The Decision Making (DM) sections allow you to make ONLY ONE choice unless you are directed to “make another selection in this section.” You should take you time in the DM section because the point system is very tight in DM sections (i.e. one choice with positive points and 4 to 6 choices with negative points). The choice you make must be the best choice under the current setting and patient condition.
Do not panic if you see this response after making a selection in the DM section “Physician disagrees. Make another selction in this section). In most cases, “make another selction in this section” is not a good message. But it helps you to determine what to avoid in the remaining choices. You should go back one or two sections and clarify the clinical information and patient condition before making another selection. Take your time in the DM sections.
DM is “what would you do next”? Each decision must be based on the information you have gathered. Using the same example from an earlier discussion, the information obtained are as follows: heart rate 100/min, respiration 16/min, blood pressure 110/68 mm Hg, pulse oximetry 88%, mild cyanosis and signs of diaphoresis, breathing pattern is shallow and fast, patient’s sensorium shows mild disorientation. What would you do next? Incentive spirometer, oxygen therapy, IPPB, mechanical ventilation, vibratory PEP, or percussive vest? Based on the information, oxygen therapy should be the choice because of desaturation and presence of cyanosis.
Another example. The information gathered from an IG section shows: MIP -12 cm H2O, VC 0.7 L, spontaneous VT 0.2 L, frequency 32/min, SpO2 of 88% at the end of a 30-minute spontaneous breathing trial. What would you do for a weaning decision? Proceed to extubation, delay weaning and continue with current ventilator settings, increase the ventilator pressure support, initiate CPAP or perform tracheotomy? Based on the information, delay weaning and continue with current ventilator setting is the best choice because of inadequate or poor respiratory weaning mechanics.
One more example on DM is the extubation criteria. You should be able to use the data from extubation criteria (e.g., VC, VT, RSBI, gag reflex, leak test, SpO2, FIO2) to make a decision on the readiness for extubation.
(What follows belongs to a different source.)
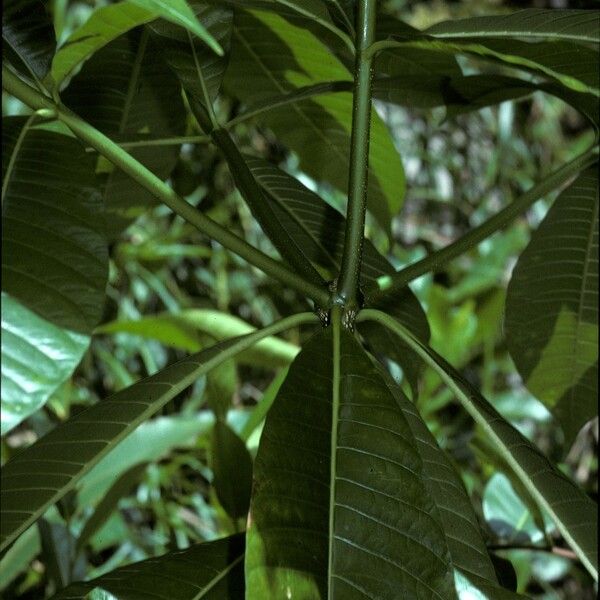 Alstonia macrophylla Rinde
You should remember that many similar decisions may be required for different patient settings (adult, pediatric, neonatal patients). CPR algorithm, ventilator settings, selection of ET tubes are some examples that require patient specific decisions.
For each patient problem, you should write down the main problem (croup, post-op, COPD etc). This will help you focus on the main problem until you are done with the problem. You must also slow down because each of the 22 problems are relatively short – 5 to 6 IG and DM sections. Take a break or two to regroup about 5 or 6 problems.